Hans Hartung, La peinture pour mémoire
Figure incontournable de l’art moderne et acteur marquant de l’abstraction, Hans Hartung (1904-1989) n’a eu de cesse, sa vie durant, de laisser derrière lui des souvenirs de son activité : un « autoportrait » en mots, qu’il publie en 1976, d’autres mots encore, des archives, des œuvres, entrelacés… Pour mémoire.

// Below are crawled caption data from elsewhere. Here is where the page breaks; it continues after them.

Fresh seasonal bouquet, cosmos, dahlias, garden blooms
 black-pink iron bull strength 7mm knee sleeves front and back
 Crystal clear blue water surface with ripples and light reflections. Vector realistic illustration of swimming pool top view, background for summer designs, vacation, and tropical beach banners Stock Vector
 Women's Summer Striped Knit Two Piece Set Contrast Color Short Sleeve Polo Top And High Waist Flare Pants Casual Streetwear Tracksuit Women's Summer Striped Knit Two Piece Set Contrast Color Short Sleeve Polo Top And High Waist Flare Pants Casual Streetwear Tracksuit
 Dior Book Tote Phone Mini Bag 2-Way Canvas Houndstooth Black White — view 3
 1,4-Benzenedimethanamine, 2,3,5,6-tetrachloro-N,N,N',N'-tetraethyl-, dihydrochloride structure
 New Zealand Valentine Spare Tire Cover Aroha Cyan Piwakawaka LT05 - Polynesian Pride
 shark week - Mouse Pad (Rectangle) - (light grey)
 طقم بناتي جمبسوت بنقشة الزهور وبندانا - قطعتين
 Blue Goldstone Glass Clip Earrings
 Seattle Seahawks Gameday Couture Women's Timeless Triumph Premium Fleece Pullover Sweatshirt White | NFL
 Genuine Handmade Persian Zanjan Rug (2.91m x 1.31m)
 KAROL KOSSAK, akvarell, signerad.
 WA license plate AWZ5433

Ecrire sur Hans Hartung c’est suivre cet homme à la trace, c’est se confronter à ce legs, conservé aujourd’hui dans le lieu même de sa vie et de sa peinture : la maison qu’il a construite avec sa femme, l’artiste Anna-Eva Bergman, devenue Fondation Hartung-Bergman. Hartung voulait que cet endroit, et ce qu’il contenait, soient dédiés à la recherche.
Cette monographie, née de ce souhait, est la première de cette ampleur. Pierre Wat l’a pensée comme une longue conversation avec le peintre. Confrontant les dires, les archives et les œuvres, quelque chose de cette vérité de Hartung, celle qu’il voulait qu’on cherche, surgit.
Artiste prolifique, Hartung a laissé une œuvre immense, dont l’auteur a pu s’imprégner, pas à pas, année après année, parfois heure par heure, des premières aquarelles abstraites de 1922 au dernières toiles peintes à la sulfateuse de jardin, en 1989. Ce choix d’appeler dans chaque œuvre la mémoire d’un moment, d’un geste, d’une intention, a mis en évidence, au-delà des changements de rythme, de méthode, d’instrument, la continuité profonde qui guide le peintre, dès l’origine.
Le temps de Hartung est spiralé, il avance en prenant en compte le passé, afin d’en produire, sans cesse, la relève. Dans ce jeu entre connaissance et sensation, un artiste incroyablement singulier, loin des clichés « lyriques » qui lui ont longtemps collé à la peau, émerge. Un homme pour qui l’art est à la fois exploration et mémoire, enquête sur soi et captation du monde, infiniment.